## EXERCISE REQUIREMENTS:
Once you find the line containing "Comfortable bathroom.", set down exactly that line and every one after it through the end of the listing below, with both ends included and any pictures omitted.

## DATA LISTING:
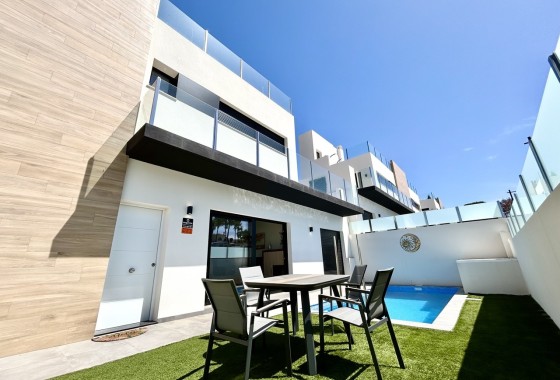 Vrijstaande Villa - Herverkoop - Villamartín -
                Villamartín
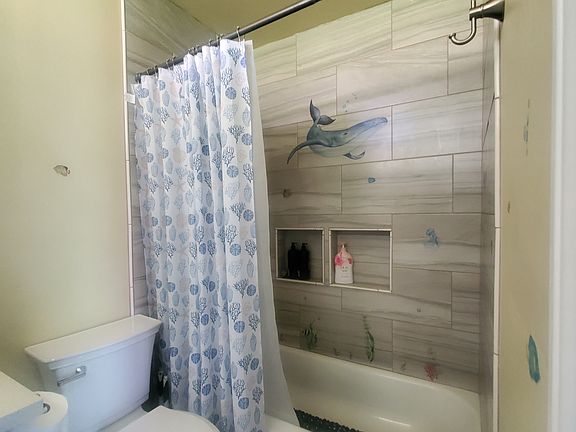 Comfortable bathroom.
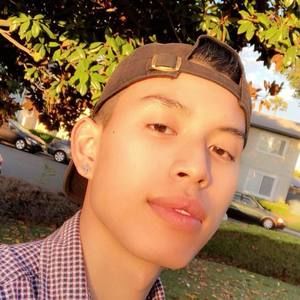 Meet your Posher, Huy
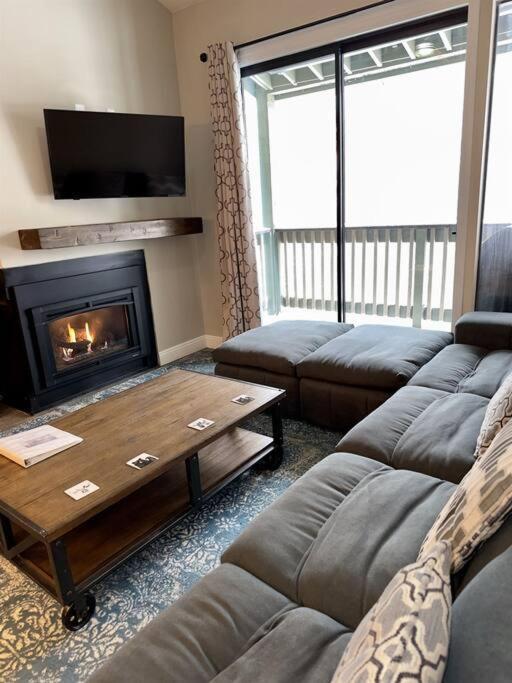 Appartement Rustic Modern - Close To Village - Sleeps 10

## SOLUTION:
 Comfortable bathroom.
 Meet your Posher, Huy
 Appartement Rustic Modern - Close To Village - Sleeps 10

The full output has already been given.